Learn the PageRank Algorithm with 1 Simple Example

In this post, we will cover PageRank, a popular unsupervised algorithm originally designed for ranking websites. I will first describe what problem this algorithm aims to solve, and then cover its mathematical description. Finally, we’ll implement this algorithm into Python, and verify everything works. All code presented here can also be downloaded from my Github.

Table of Contents

Learn the PageRank Algorithm with 1 Simple Example – image by author

What is PageRank?

PageRank was originally developed at Google by Larry Page and Sergey Brin. This algorithm is famous for being the original basis for the Google Search Engine.

The original problem PageRank aims to solve, is how to order webpages from a search result? The key assumption made is: more popular/relevant webpages will tend to have more links to other webpages. More specifically, the most relevant pages will tend to have the largest number of incoming links from other webpages. PageRank therefore assigns a score to each webpage, based on its interconnectivity with other webpages. These scores (or ranks) can be used by a search engine to sort the resulting websites, in order of most-relevant to least.

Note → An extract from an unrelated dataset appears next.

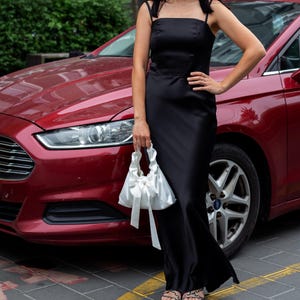 Puede incluir: Un vestido largo negro de sat&eacute;n con tirantes finos. El vestido se combina con un bolso de mano de sat&eacute;n blanco atado con un lazo. Un coche rojo es visible en el fondo.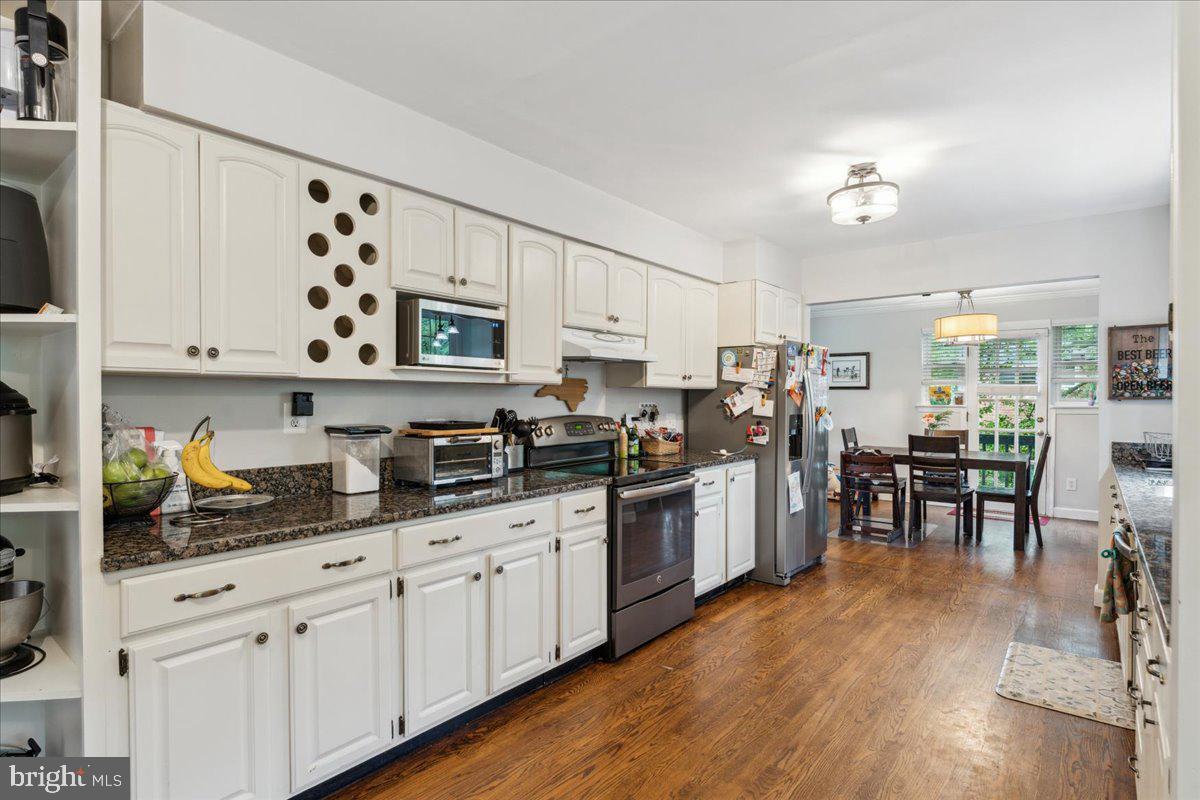 5222 Ferndale Street Springfield, VA 22151 - Photo 7 of 33 a kitchen with stainless steel appliances granite countertop a refrigerator a stove a sink dishwasher and white cabinets with wooden floor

Fundamentally, PageRank can be categorized as a Graph Algorithm, since the relation of webpages on the internet can be modeled as a directed graph. In this way, the nodes in the graph represent webpages, and edges indicate links between said pages. Let’s take a peek at a small example:

Figure 1: Illustration of a simple directed graph consisting of 6 nodes.

The illustration above shows the relations between 6 different webpages: A, B, C, D, E, and F. Taking a quick look at Figure 1, it is evident that nodes A, C, and D have the largest number of incoming links. As such it wouldn’t be too surprising that these webpages are interpreted as highly popular. Conversely, node F has no incoming links, and as such it shouldn’t be rated too highly.

It is important to note that although PageRank was originally developed for the task of web search, it is not limited to this. The PageRank algorithm can be applied to any problem that can be modeled as a graph, where the relevance/ranking of nodes is useful to know.

Mathematically Describe the PageRank Algorithm

Let’s now work to add a formal procedure to the ideas mentioned above. We can begin simply, and then work to develop a complete model.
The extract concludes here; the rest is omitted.